Sunday, February 14, 2010

Montage

Happy New Year, New Decade, Valentine's Day, Lunar New Year,* and President's Day Eve.** I hope this finds you all well. It's been a little while.

New Year thoughts are things that I get around to eventually. Perhaps I wanted to dip a toe into the fresh year — wait for two New Year's to arrive — before easing into it. The water over here seems fine, and I suppose it's time to get wet.

Going forward usually triggers looking back. Networks love to soften their shows the days up to the ball dropping in Times Square with a string of tape capturing the highlights of the year (a major celebrity death, a shot of soldiers and an explosion, an unknown birth). My wife and I love montages,*** too, so here's a little one from me to you.

First, the blog: Looking over the past year of posts, here are the ones I don't mind recommending:
Here are a few of my favorite 2009/Year of the Water Buffalo things:
  • The photos my wife takes. Most of the headers and pics that appear on this site come from her, such as:



Many of the best she takes flout my No Faces Rule, which means you'll just have to trust me.
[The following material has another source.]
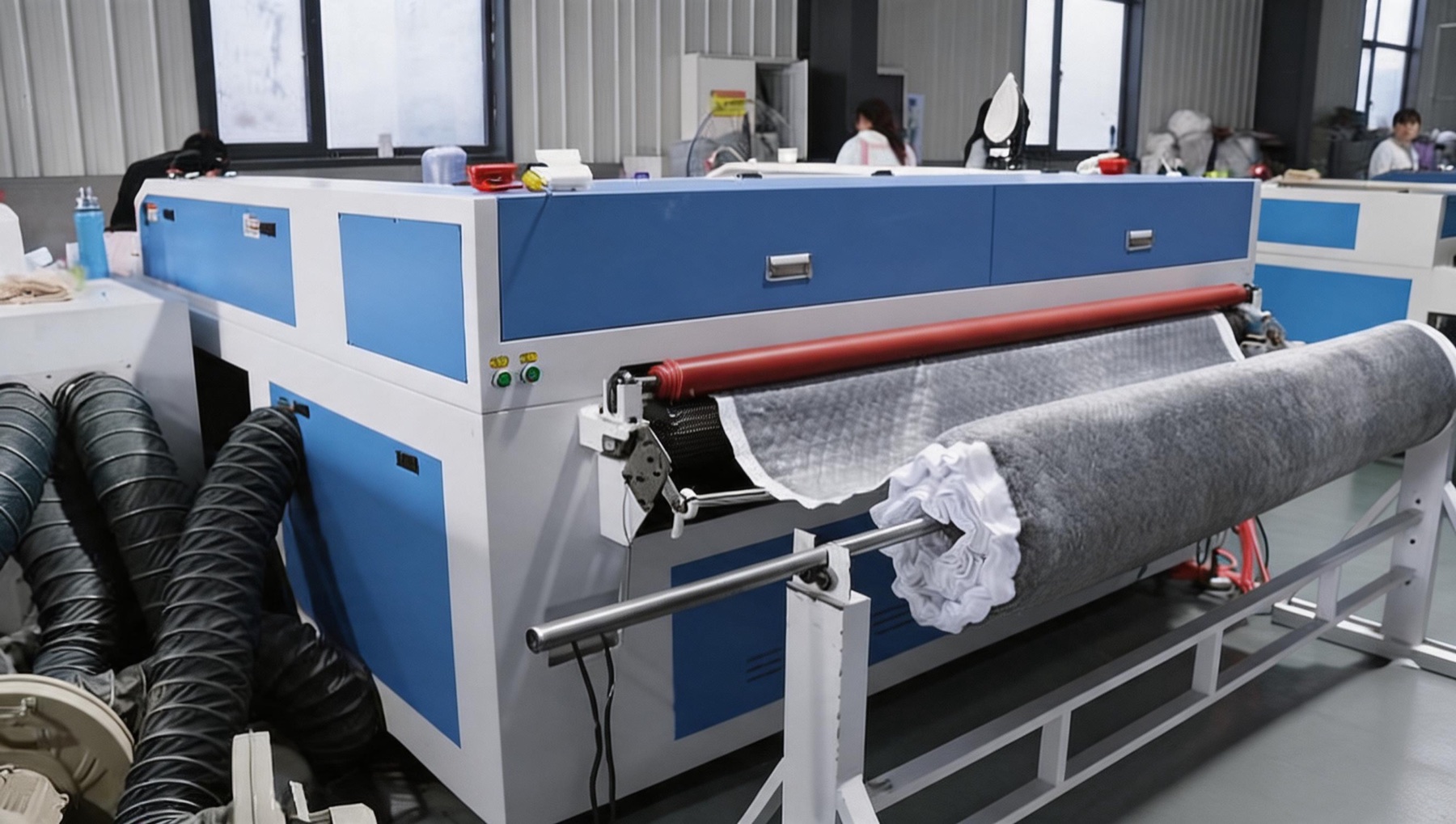 Fabric cutting equipment at the Cozynest manufacturing facility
And then there's:
  • The sound of my son reading.
  • Q, excited, the day of her gymnastic lessons, and how hard she works to be better.
There is more than this, of course; we always forget more than we remember. But the more I thought about it, about what I found myself drawn to in the year that's just passed, I lingered not on moments but on changes. My son reads now, and he will more or less forever; the world is now a named place for him. Q has found what passion and strength can do for her, and in so doing has found an exemplar of self-perfection that will remain with her long after she's stepped down from the beam and let loose of the bar. And my lovely wife will (among a vast many other things) continue to see us for us better than we can on our own.

But perhaps the change I've enjoyed most of all is the one that can't last. The job and career shifts I've had this year have given me two full days a week with Q and The Boy. I've hatched schemes with dolls and made cookies in the afternoon. I've built LEGO ships and lobbed balls when I would have been dead on the train. Eventually, however, there will be new and more work (there already is), more school, more after school.

This I will take as a moment and remember it just as it is.

Happy New Everything, all.

_______________________
*And DO NOT CALL IT CHINESE NEW YEAR. We will correct you—in school, at work, even in the elevator.
**Okay, so that's not a real thing. But you do have to admit that these few days is quite the convergence of holidays.
***Perhaps it was all of those 80's films during our formative years. Kids these days are, I think, undernourished montage-wise. Have they seen this? HAVE THEY?